Multiple Response Resolver. The multiple response resolver identifies the first responder in a set, and is used to implement sequential and single selection modes of responder resolution. The multiple response resolver is implemented as a pipelined parallel prefix network. The unit has an initiation rate of one operation per cycle and a latency of lg p cycles, where p is the number of PEs. Unlike the other reduction units, the output of the multiple response resolver is a parallel value.
Response Counter. The response counter counts the number of PEs whose responder bit is set. The ASC model only requires the ability to do a binary count (some/none) of the responders, however this unit goes a step further and produces an exact count of the number of responders. Due to the pipelined implementation, the simpler counter would not have been only faster than the exact one. The response counter is implemented as a pipelined binary adder tree. The unit has an initiation rate of one operation per cycle and a latency of lg p cycles, where p is the number of PEs.
Synthesis Results
The first prototype of the Multithreaded ASC Processor was implemented in VHDL and targeted for an Altera Cyclone II (EP2C35) FPGA. This prototype implements the basic architecture specified in Section 6, though a few features (e.g., multiplier/divider and interthread communication) are still missing. This first prototype Processor has 16 16-bit PEs, 1 KB of local memory per PE, and supports 16 hardware thread contexts. The entire Processor requires 9,672 logic elements (LEs) and 104 RAM blocks. It operates at a clock speed of approximately 75 MHz on the EP2C35 device. Table 1 shows the resource usage for each of three main subsystems: control unit, processing element, and broadcast/reduction network. The main factor that limits the number of PEs is the availability of RAM blocks; the critical path that limits the clock speed is the forwarding logic in the PE.
Related Work
An FPGA-based SIMD processor is described in [10] . This processor is implemented in a Xilinx Virtex XCV1000E FPGA, has 95 8-bit PEs with 512 bytes of memory per PE, and can operate at a maximum clock speed of 68 MHz. Because the instruction broadcast network is not pipelined, the clock speed is limited by the time is takes to distribute instructions to the PEs. Their processor is larger than our prototype (though our next version will be larger), but is not pipelined or multithreaded.

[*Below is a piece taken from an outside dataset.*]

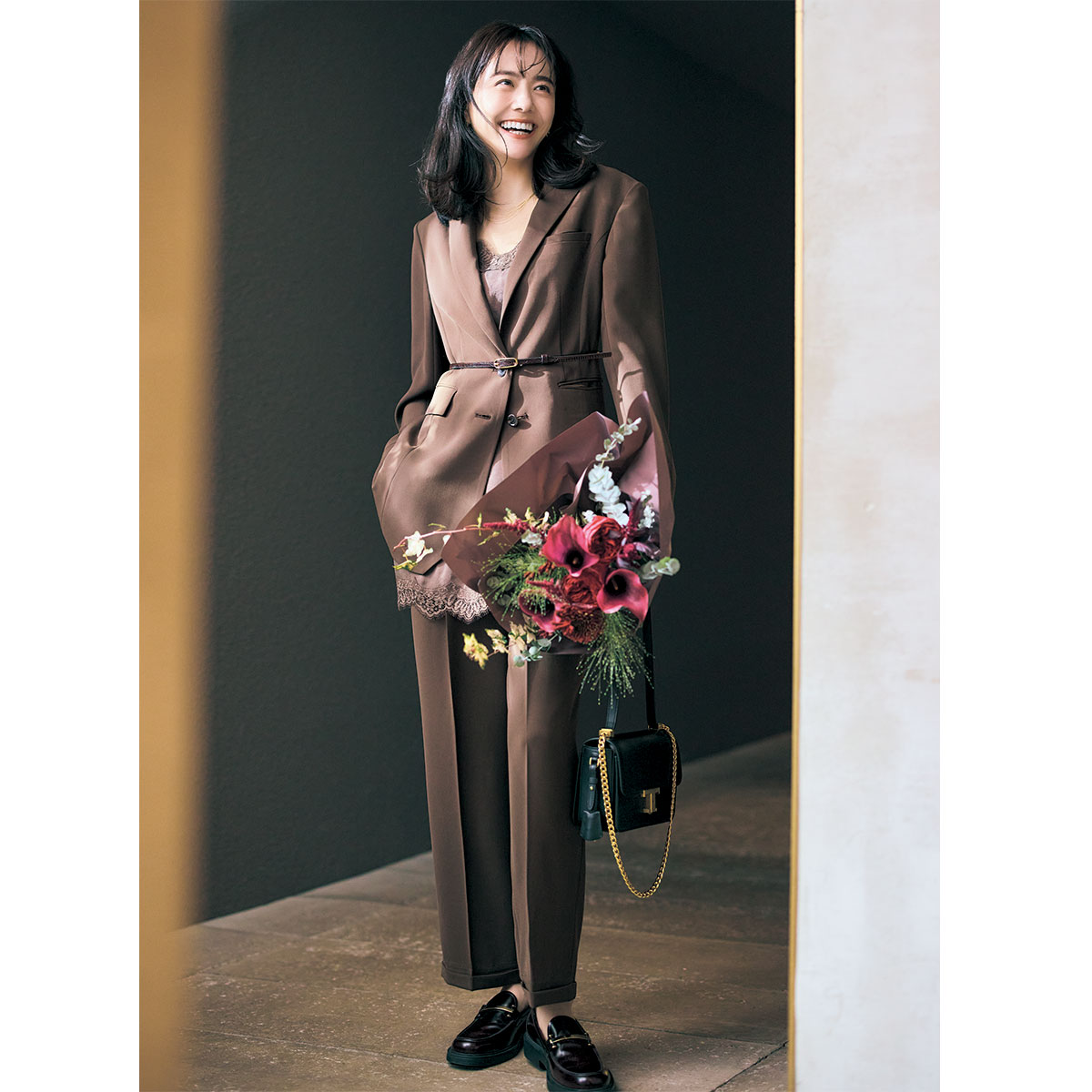 ブラウンのツヤ感セットアップのコーデ,お呼ばれコーデ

Another FPGA-based SIMD processor is described in [11] . This processor is implemented in an Altera Stratix EP1S80 FPGA, has 88 8-bit PEs, and can operate at a maximum clock speed of 121 MHz. This processor does use a pipelined instruction broadcast network to improve clock speed. However, it does not pipeline instruction execution, which limits throughput.
Future Work
The first prototype of the Multithreaded ASC Processor described in this paper has not yet been fully optimized. Future work will focus on trying to fit more PEs on a FPGA single chip and on improving clock speed. As shown in Table 1 , the main factor limiting the number of PEs is the number of RAM blocks. Future versions of the processor may explore alternative PE organizations that require fewer RAM blocks and take advantage of unused logic resources.
Future plans also include implementing software for the architecture in order to better show the performance advantages of multithreading and to explore possible application areas for the architecture.